Things We Know by Heart

What am I doing?

He turns slowly back around so he’s facing me. “You don’t need to make anything up to me,” he says. “That’s not why I came here.” He shrugs and gives a little half smile. “I liked hanging out with you. So if anything, maybe just come say hi next time you’re back in Shelter Cove. How ’bout that? Sometime?”

It’s an invitation, but he seems to know it offers me a graceful out, if that’s what I’m looking for, and the understanding of this small gesture touches me. I feel my eyes drift to his chest, and my own squeezes tight.

“Okay,” I say finally. “I will—sometime.”

A slow smile spreads over his face. “Sometime, then. You know where to find me, right?”

I nod, and we stand there like that with the sun beating down and the heat of the day already rising all around us. After a moment he turns to go, and this time I don’t stop him. I watch as he walks to his bus and gets in. He waves, then backs down the driveway, and I stand there on the porch. A breeze rolls softly over my skin, bringing with it the scent of the jasmine and a delicate rush of something else. Hope, maybe. Or possibility. I wait until he turns onto the road and disappears to look down again at the sunflower. This time it looks different somehow—less like a painful reminder and more like a sign, maybe that Trent would understand.

This is what I tell myself as I bend to pick it up. And when I think, Yes, I know where to find him.





CHAPTER EIGHT




“Approximately 3,000 people in the United States are on the waiting list for a heart transplant on any given day. About 2,000 donor hearts are available each year. Patients who are eligible for a heart transplant are added to a waiting list for a donor heart. This waiting list is part of a national allocation system for donor organs. The Organ Procurement and Transplantation Network (OPTN) runs this program. OPTN has policies in place to make sure donor hearts are given out fairly. These policies are based on urgency of need, available organs, and the location of the patient who is receiving the heart (the recipient).”

—National Heart, Lung, and Blood Institute

COLTON’S WORDS FLOAT around me in my room as I sit in front of my computer, staring at the very first blog post I read about him. They echo, just like another set of words did, before I knew where to find him: male, 19, California.

Trent’s family had only been given the most basic information about the recipients of his organs, and those three things were all that they knew about the recipient of his heart. That’s all I knew when I wrote to him. And later, that’s what I held on to when he didn’t write me back. When I wanted to know where to find him, because I needed to know more about him.

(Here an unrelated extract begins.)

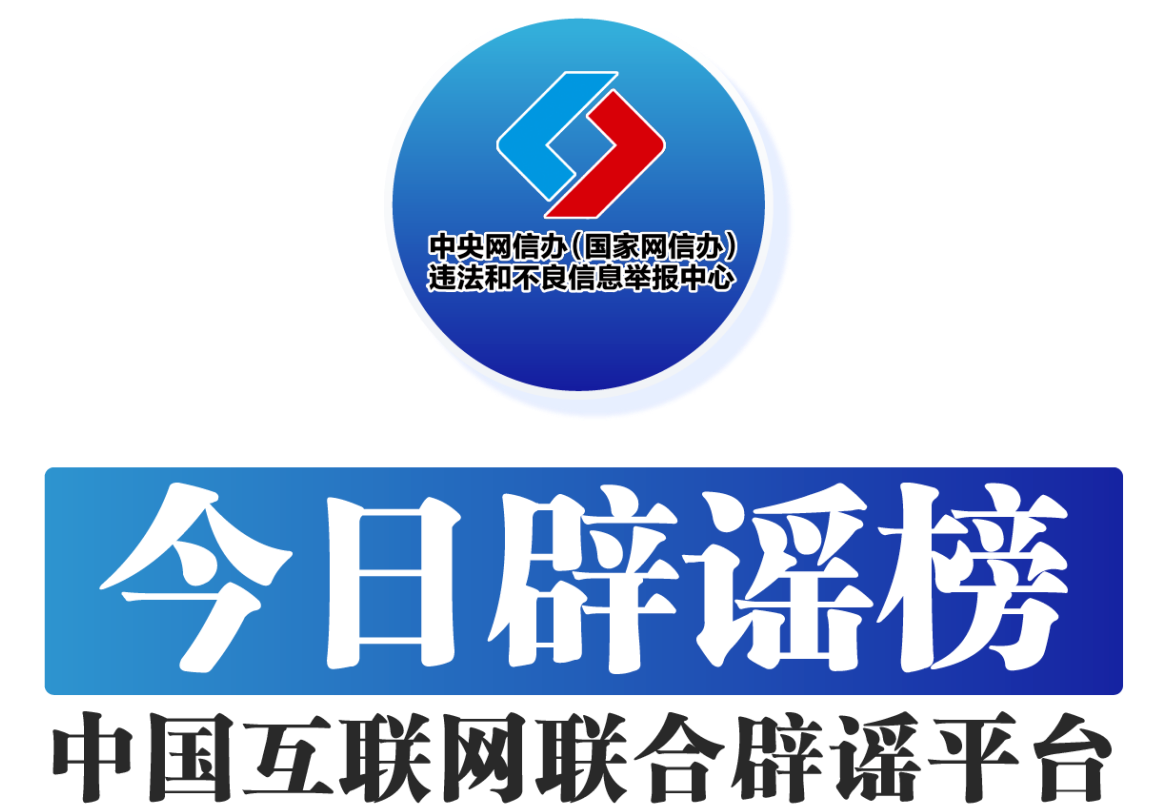 “乌鲁木齐二工古墓被挖开”系谣言——今日辟谣（2026年1月28日）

A series of words, separated by commas, typed into a search box: male, 19, CA. I added heart transplant and got 4.7 million results in 0.88 seconds. Results I could sort by date and relevancy, narrow even further by geographic location, and still came up with endless links to follow, pieces that might or might not even have belonged to the same puzzle. I followed them all night after night, turning the pieces in the pale glow of my computer, until I found the ones that seemed to fit.

There are twelve transplant centers in California, but there was only one that had performed a heart transplant on the day Trent died. I’d found it in a blog post, written by a girl who was incredibly scared but who was trying to remain hopeful about her younger brother, who had been in the ICU there. He’d already been put on an artificial heart, but he was growing weaker every day as he waited for a new one.

I’d look at the picture on his sister’s blog post, of Colton and his tired smile, flashing a thumbs-up for the camera as his parents and sister surrounded him that day, teary eyed and smiling. His sister wrote that, in this photo, they’d just heard the news that a suitable heart had been found and that, according to all the tests, it was a perfect match. This must have been about the same time when, miles away, Trent’s heart was being removed from his chest as our families held each other in the waiting room, shedding tears of a wholly different kind.

The minute a heart is harvested from a donor, the clock starts, and doctors are in a race against time to get it to its recipient. The heart is sealed in a plastic bag filled with sterile solution, then surrounded by ice for transport, most often by helicopter. Trent’s had been. And as it was flown to the transplant center, Colton was prepped for surgery. His family prayed, and they asked their friends to do the same, and what was life or death for them went on as a standard procedure for the doctors performing it. Just a few hours after Trent’s heart had been removed from his chest, it was sewn into Colton’s. Blood vessels were reconnected, and when the heart was infused with Colton’s blood, it started to beat again on its own. Just as my world went completely still.

I scroll down, over words I’ve read so many times I could recite them from memory, to the next picture of Colton, taken just after he woke up from the surgery. He’s lying on his back in the hospital bed, the ends of a stethoscope in his ears, the flat circle of it pressed to his chest by someone else’s hand. Listening to his new heart beat.